New Evidence of Early Glacial Development, History of Antarctic Ice Sheet Revised

May 5, 2006

Sediments characteristic of deposition by glacial ice near the Eocene-Oligocene boundary on Seymour Island. Credit: Linda C. Ivany

Syracuse University Professors Linda C. Ivany and Scott D. Samson along with colleagues at the University of Leuven in Belgium and Hamilton College have found evidence that expands our understanding about how the ice sheet covering most of Antarctica really began. Their findings were published in the article “Evidence for an Earliest Oligocene Ice Sheet on the Antarctic Penninsula,” in the May 2006 issue of the journal, Geology. The research was supported by funding from the National Science Foundation’s Office of Polar Programs.

“One of the most fundamental climate shifts that this planet has undergone since the events that precipitated the extinction of the dinosaurs is the so-called
‘greenhouse to icehouse transition’—the time when Earth went from having virtually no ice on it at all to one with a more or less permanent ice sheet covering Antarctica,” says Ivany, professor of earth science in The College of Arts and Sciences at SU and principal investigator on the project. “This happened about 34 million years ago, and is marked by dramatic changes in the chemistry of the oceans and the appearance of ‘ice rafted debris’ in ocean sediments around Antarctica, carried there by icebergs from land that floated out and melted far from the continent, releasing the sand and rock that had been frozen into them.”

Though scientists are quite sure that glaciers grew on Antarctica at this time, it is not clear where that ice was, nor how much of it there was initially. This is because most of the continent is now under the ice, and it is difficult to find places where sediments are exposed that record this interval of time.

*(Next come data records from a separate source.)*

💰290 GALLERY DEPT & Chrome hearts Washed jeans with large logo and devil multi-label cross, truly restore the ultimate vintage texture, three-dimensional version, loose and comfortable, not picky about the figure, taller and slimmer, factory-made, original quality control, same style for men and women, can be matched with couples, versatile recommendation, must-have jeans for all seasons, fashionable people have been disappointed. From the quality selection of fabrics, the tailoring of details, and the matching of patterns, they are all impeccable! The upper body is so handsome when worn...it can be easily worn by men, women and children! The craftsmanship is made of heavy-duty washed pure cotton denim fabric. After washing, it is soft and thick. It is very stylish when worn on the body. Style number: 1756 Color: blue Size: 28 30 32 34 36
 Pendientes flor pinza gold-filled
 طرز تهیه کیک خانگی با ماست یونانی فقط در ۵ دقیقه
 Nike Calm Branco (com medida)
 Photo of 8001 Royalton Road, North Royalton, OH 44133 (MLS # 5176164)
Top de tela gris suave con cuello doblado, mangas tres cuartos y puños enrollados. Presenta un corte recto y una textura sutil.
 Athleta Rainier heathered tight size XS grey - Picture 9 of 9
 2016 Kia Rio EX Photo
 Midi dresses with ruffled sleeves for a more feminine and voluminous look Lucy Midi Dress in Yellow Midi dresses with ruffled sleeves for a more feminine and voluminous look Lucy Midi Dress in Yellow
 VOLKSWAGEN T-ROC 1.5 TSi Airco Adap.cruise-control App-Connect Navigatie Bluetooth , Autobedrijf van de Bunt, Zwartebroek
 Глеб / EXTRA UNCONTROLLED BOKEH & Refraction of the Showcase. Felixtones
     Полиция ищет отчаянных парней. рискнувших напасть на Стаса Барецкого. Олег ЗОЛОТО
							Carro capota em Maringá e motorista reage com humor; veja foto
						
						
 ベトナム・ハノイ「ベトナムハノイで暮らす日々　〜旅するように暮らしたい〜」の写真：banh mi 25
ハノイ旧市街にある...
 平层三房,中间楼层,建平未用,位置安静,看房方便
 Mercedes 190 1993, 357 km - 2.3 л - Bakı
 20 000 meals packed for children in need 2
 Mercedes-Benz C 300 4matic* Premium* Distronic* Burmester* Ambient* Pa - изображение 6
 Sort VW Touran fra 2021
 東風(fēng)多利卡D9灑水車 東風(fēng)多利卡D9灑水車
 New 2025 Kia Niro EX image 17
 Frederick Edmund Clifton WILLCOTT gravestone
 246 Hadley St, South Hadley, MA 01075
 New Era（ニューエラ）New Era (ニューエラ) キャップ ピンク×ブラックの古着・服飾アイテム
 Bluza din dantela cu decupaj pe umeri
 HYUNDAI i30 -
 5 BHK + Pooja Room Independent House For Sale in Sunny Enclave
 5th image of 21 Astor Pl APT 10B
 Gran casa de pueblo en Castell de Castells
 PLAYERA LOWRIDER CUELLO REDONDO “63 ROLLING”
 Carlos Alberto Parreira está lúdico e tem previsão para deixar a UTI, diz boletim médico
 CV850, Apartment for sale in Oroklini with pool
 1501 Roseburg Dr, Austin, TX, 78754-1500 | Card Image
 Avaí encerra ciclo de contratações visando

Until now, the assumption has been that glaciers were confined to the eastern part of Antarctica, where the biggest ice sheet is today. Ivany’s research team found evidence that glaciers may have covered a much bigger area at the early stages of this transition. Sediments on Seymour Island, off the northern tip of the Antarctic Peninsula, have been dated to just this time, and show features characteristic of deposition by glacial ice. Because this island is at the far northern reaches of the Peninsula, in western Antarctica, they suggest that the initial pulse of glaciation was far more extensive than originally suspected.

Scientists believe that growth of the Antarctic ice sheet was initiated by a drop in greenhouse gas concentrations in the atmosphere in combination with a change in ocean circulation caused by South America pulling away from Antarctica. The climatic response to these gradual changes now appears to be even bigger than previously thought, showing that Earth cooled fast enough to allow the growth of ice on the entire continent all at once.

Ivany’s team concludes that because Earth’s climate system is capable of shifting this rapidly and dramatically to such a new and different state, their discovery may provide an insight into how things could change in the future if we continue to alter our environment.

Source: Syracuse University